[THE PROBLEM]:
In the entries that follow, repeat exactly the lines from the one that has "Black Bear Chef" through the one that has "Stunning vintage 1970’s", but omit pictures.

[PROVIDED RECORDS]:
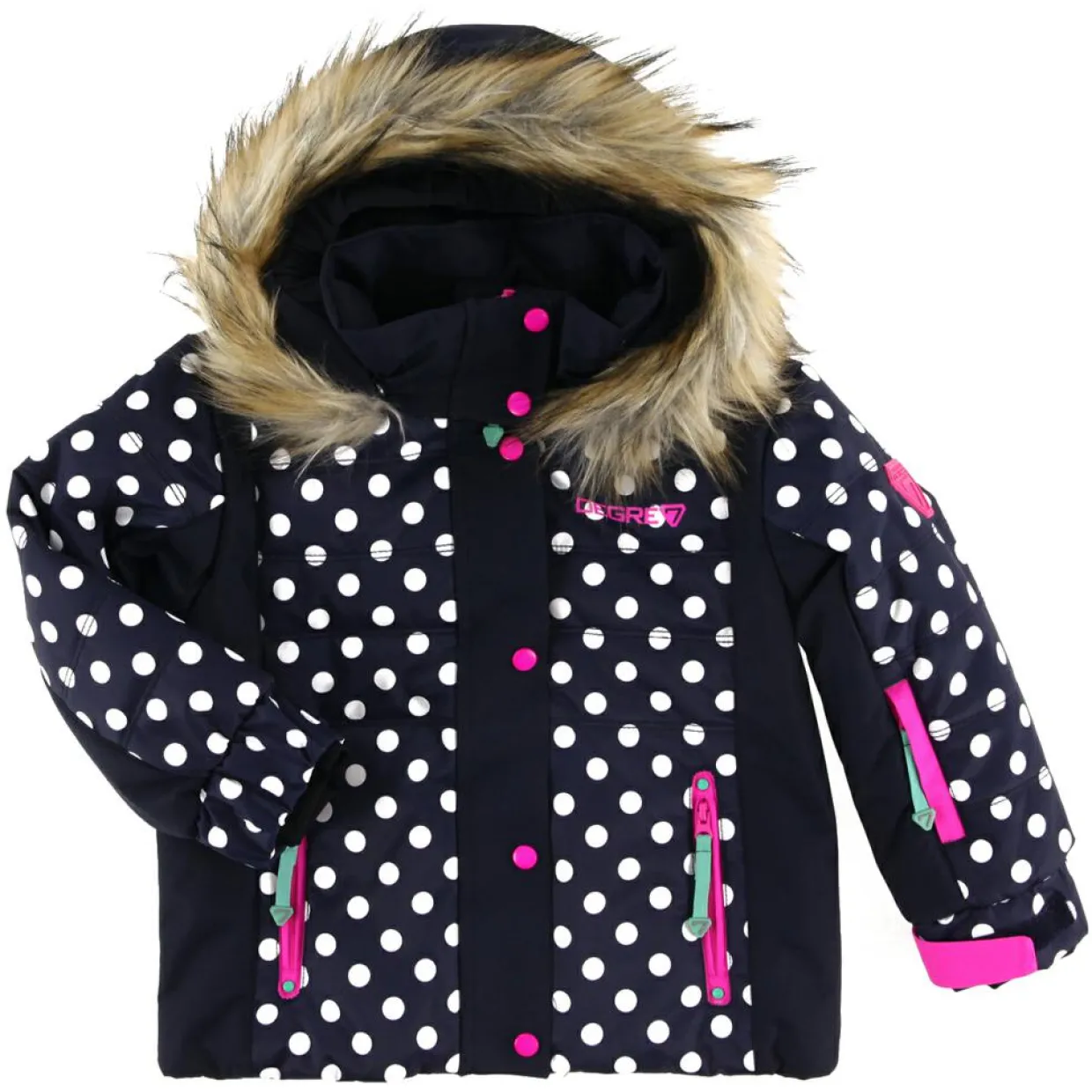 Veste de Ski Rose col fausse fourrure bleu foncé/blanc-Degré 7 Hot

...

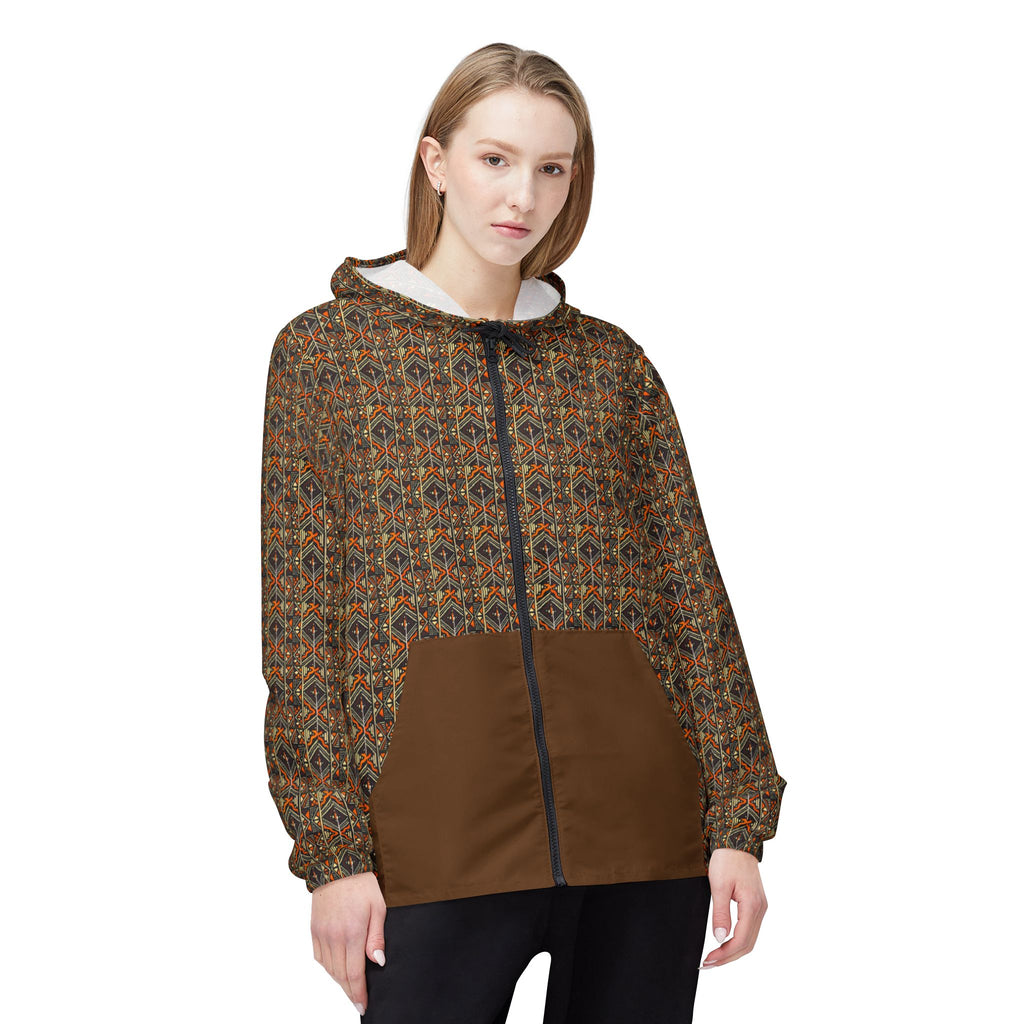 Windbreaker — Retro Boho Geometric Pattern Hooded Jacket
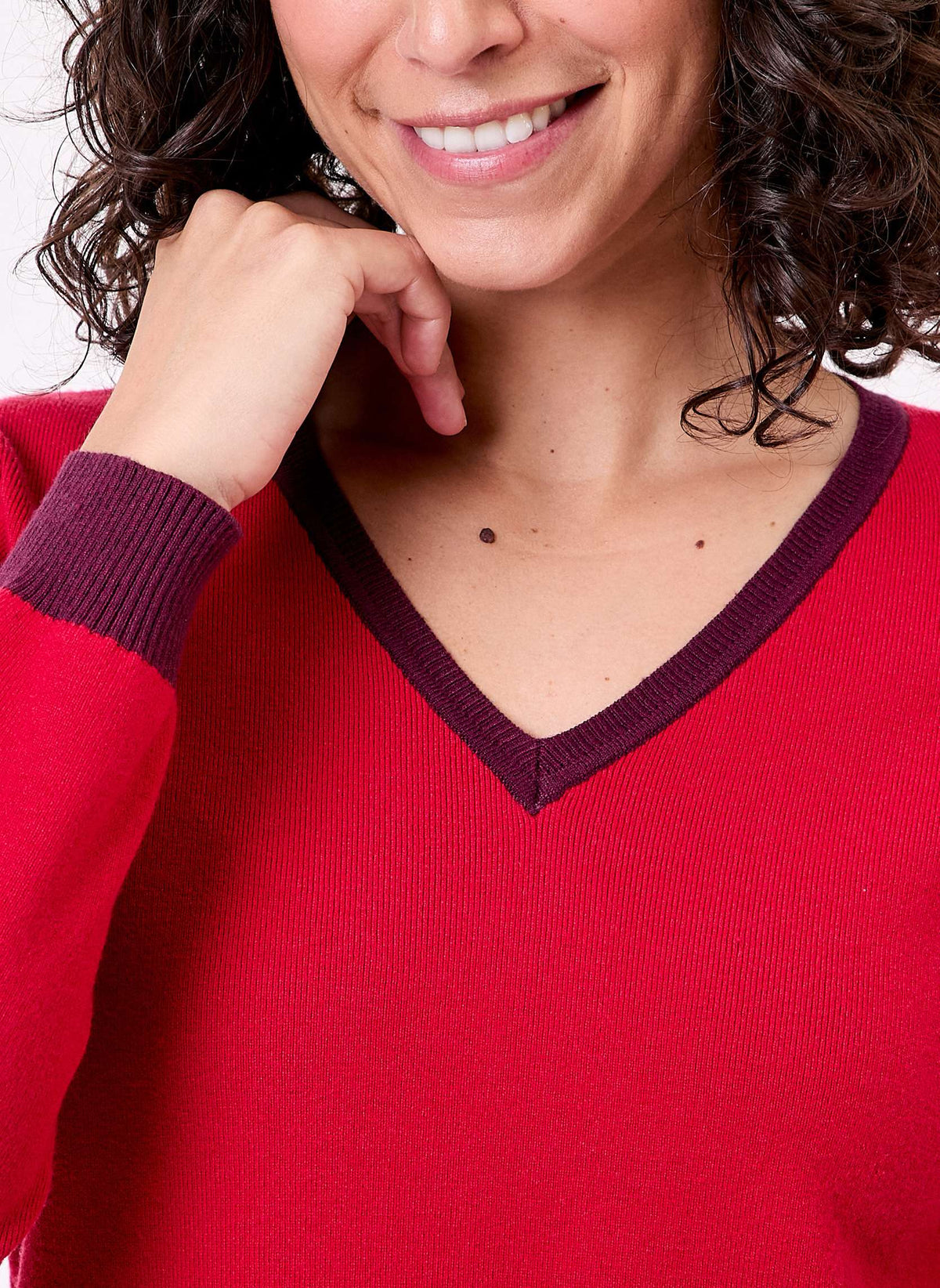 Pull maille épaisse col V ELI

* * *

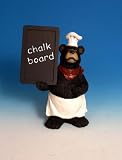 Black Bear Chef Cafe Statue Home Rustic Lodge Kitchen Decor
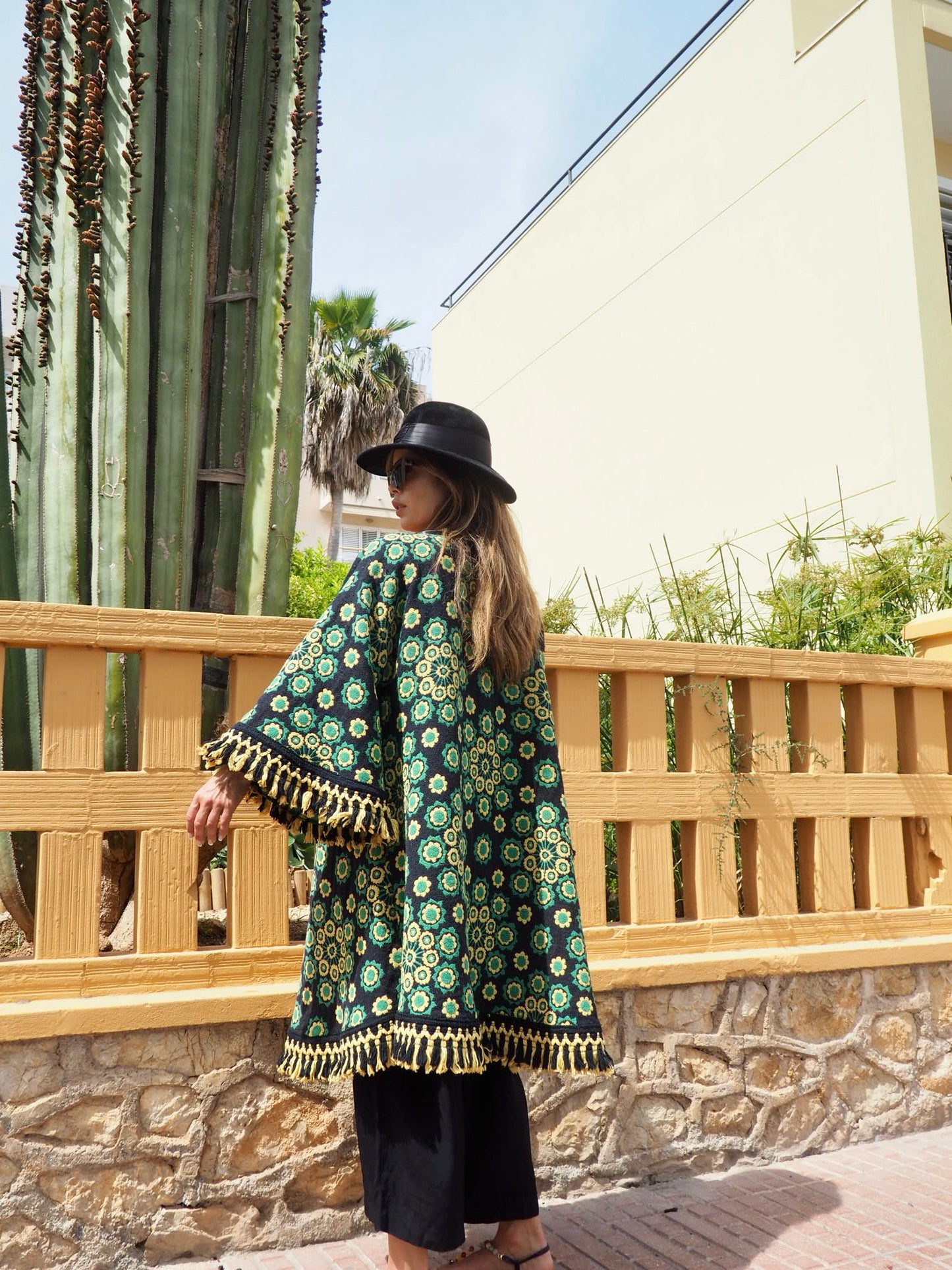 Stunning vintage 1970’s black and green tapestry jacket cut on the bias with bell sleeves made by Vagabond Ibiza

[TASK OUTPUT]:
 Black Bear Chef Cafe Statue Home Rustic Lodge Kitchen Decor
 Stunning vintage 1970’s black and green tapestry jacket cut on the bias with bell sleeves made by Vagabond Ibiza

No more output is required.